Jacquelin Burgess, Carolyn M. Harrison & Melanie Limb
Burgess, J. , Harrison, C. M. & Limb, M. (1). People, Parks and the Urban Green: A Study of Popular Meanings and Values for Open Spaces in the City. Urban Studies, 25(6), 455–473. http://dx.doi.org/10.1080/00420988820080631
Contemporary provision of open spaces within cities rests largely on professional assumptions about its significance in the lives of residents. This paper presents results from the Greenwich Open Space Project which used qualitative research with four, in-depth discussion groups to determine the design of a questionnaire survey of households in the borough. The research shows that the most highly valued open spaces are those which enhance the positive qualities of urban life: variety of opportunities and physical settings; sociability and cultural diversity. The findings lend some support to the approach of the urban conservation movement but present a fundamental challenge to the open-space hierarchy embodied in the Greater London Development Plan. The Project identifies a great need for diversity of both natural settings and social facilities within local areas and highlights the potential of urban green space to improve the quality of life of all citizens.

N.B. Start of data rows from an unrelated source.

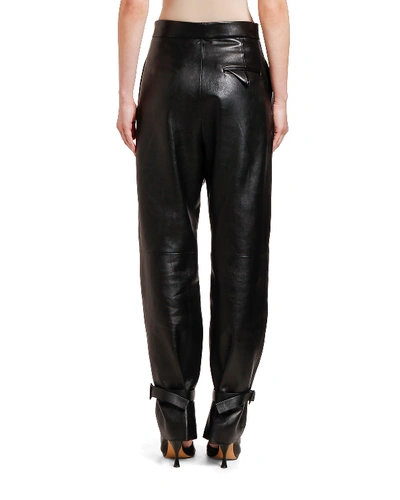 Shop Bottega Veneta Leather Tabbed-cuff Pants In Black
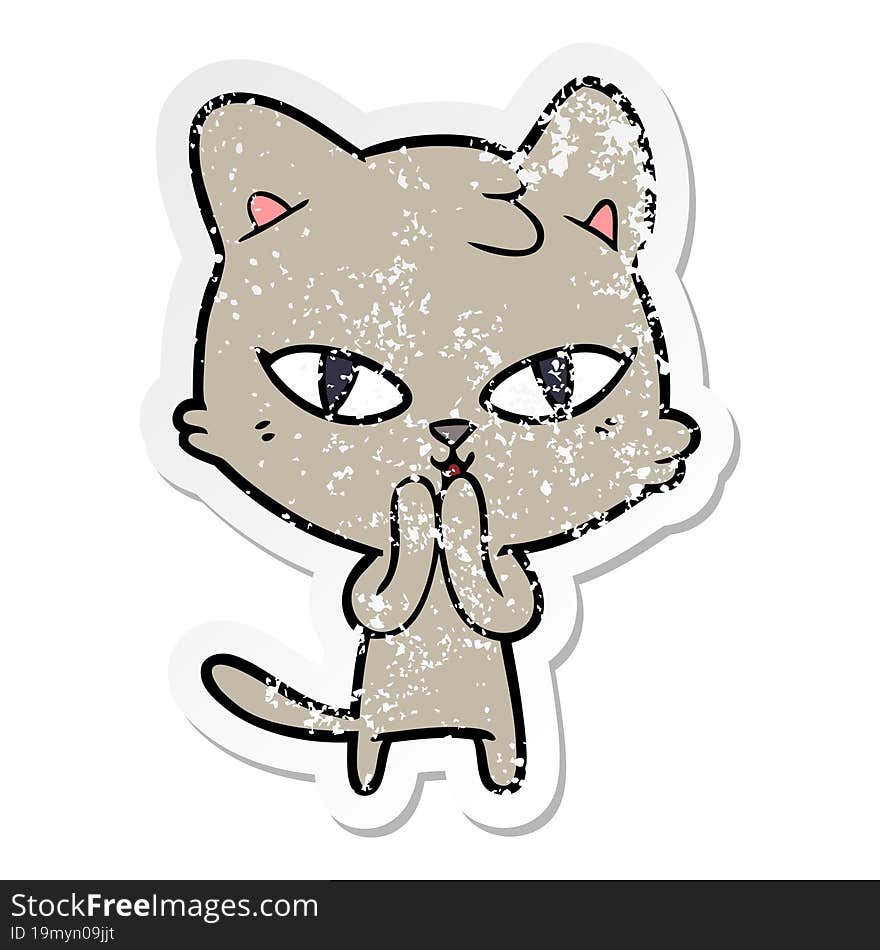 Distressed Sticker Of A Cartoon Cat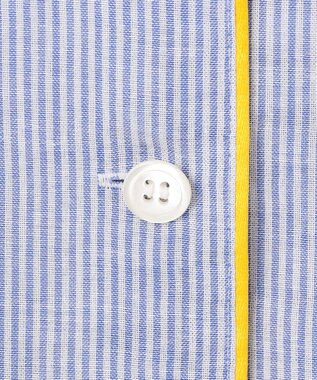 自由区 【WEB限定】オーガニックコットンパジャマ ブルーストライプ×イエロー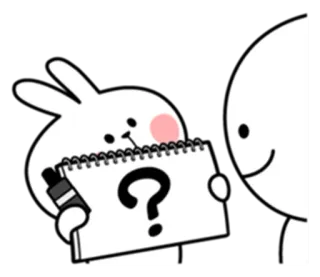 ⁉ ? вопросительный знак, кролик, мультфильм, стикер, рисунок telegram sticker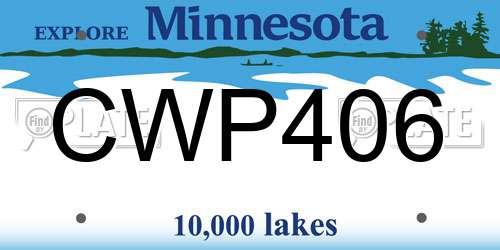 CWP406 Minnesota License Plate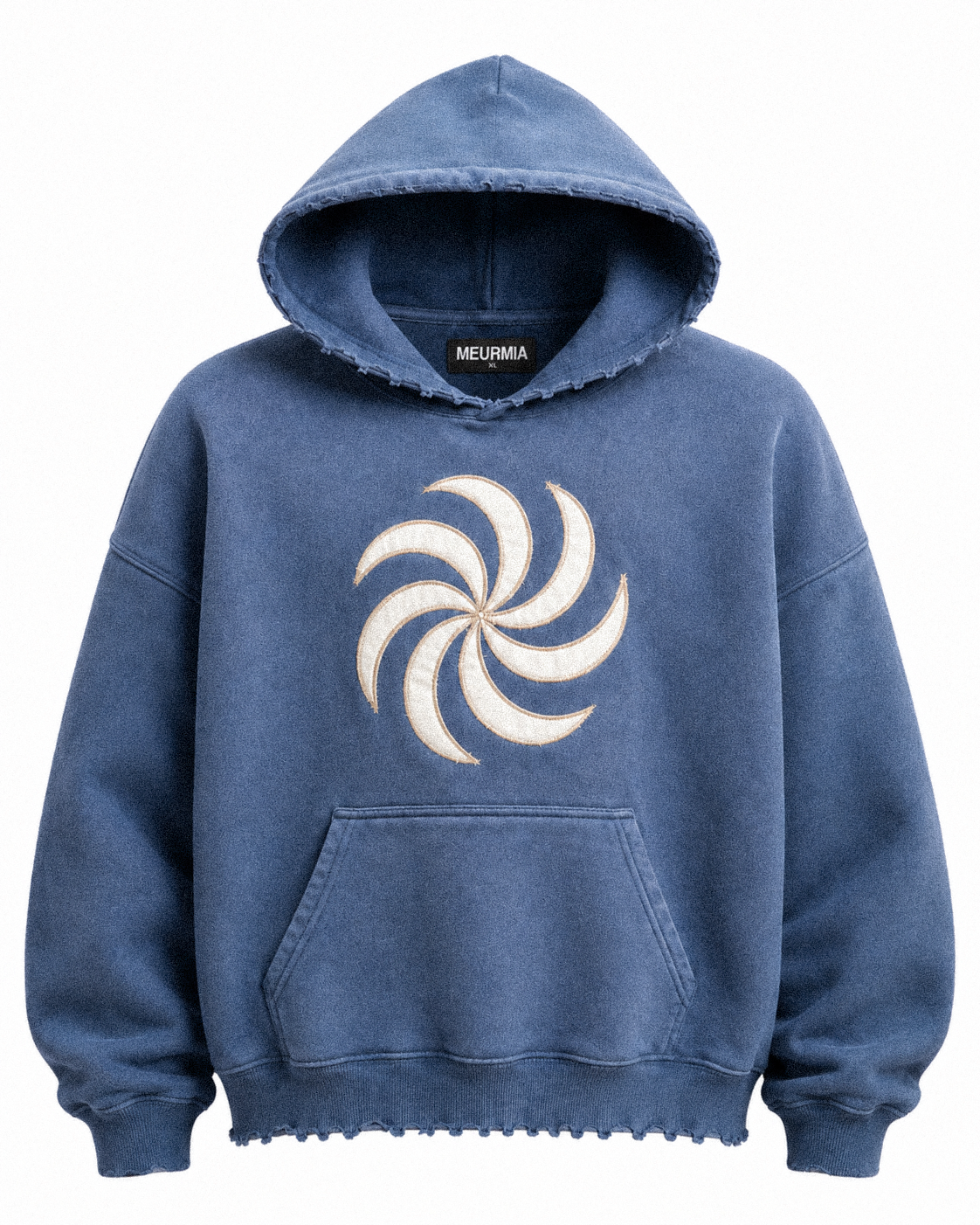 washed blue "borjghali" hoodie
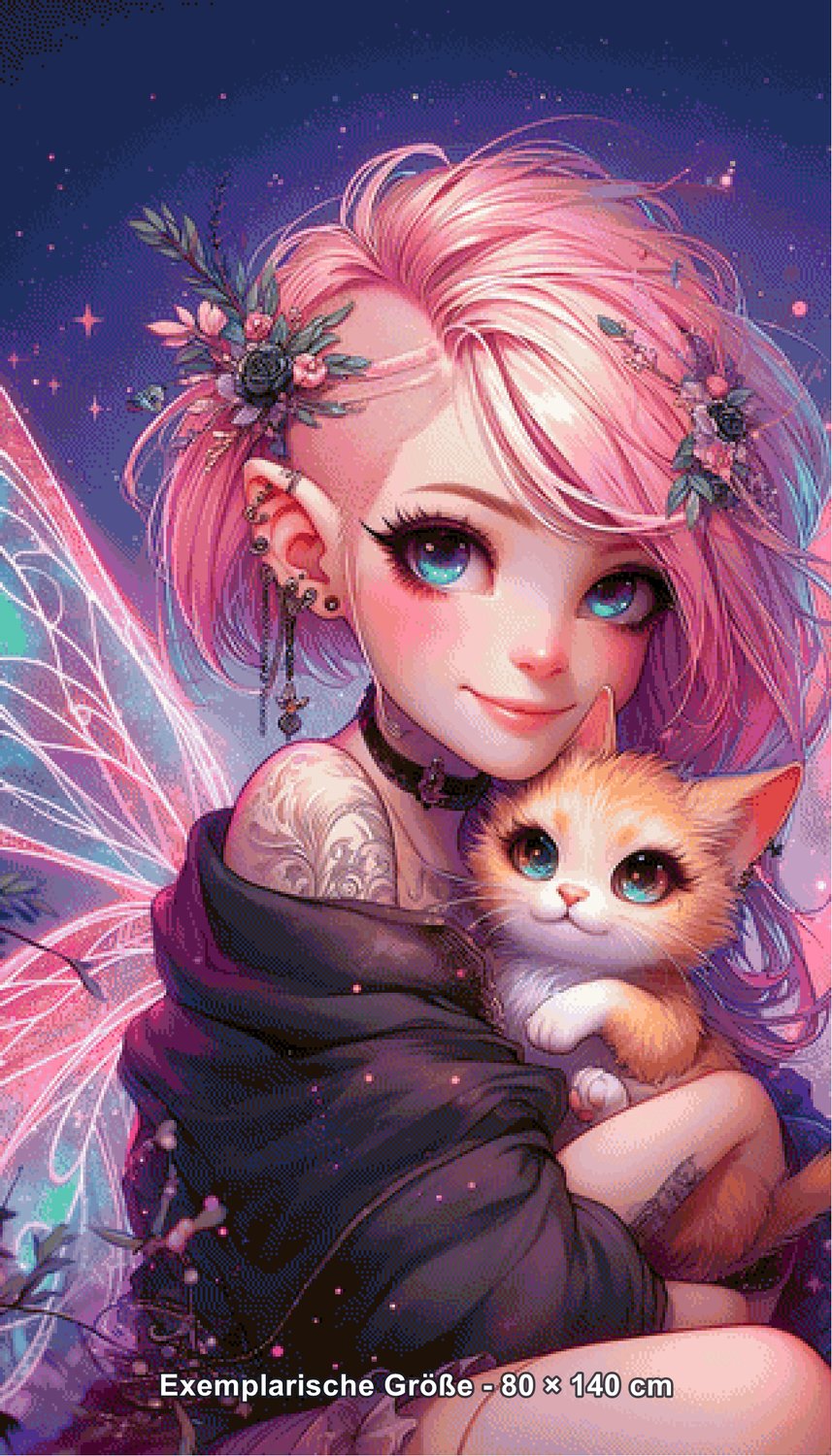 Diamond Painting - Tinkerangie - Neonfee mit Kuschelkätzchen [Digital] - Rendering einer exemplarischen Größe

The authors found that participants valued public parks and open spaces for their access to nature and opportunity for social and cultural activities, and expressed concern for safety and dissatisfaction with management in some spaces. Residents were found to value spaces most when they provided opportunities for multiple uses and when they were close to home.
Description of method used in the article
This study employs four in-depth discussion groups, a neighborhood-based social survey, and an interview process. For the in-depth discussion groups, participants were recruited from neighborhoods of different socioeconomic and ethnic characteristics and open space supplies in the Greenwich borough of London using a snowball technique. The social survey built on the discussion group by exploring the extent to which views expressed by the groups were reflected in the wider community. A quota sample based on the areas the discussion group members lived was sampled further into high and low socioeconomic status neighborhoods, resulting in 25 households chosen from 8 sub-samples and 212 interviews completed for the social survey. For the final stage, 12 interviews were conducted with people in the local authorities' leisure services and planning departments.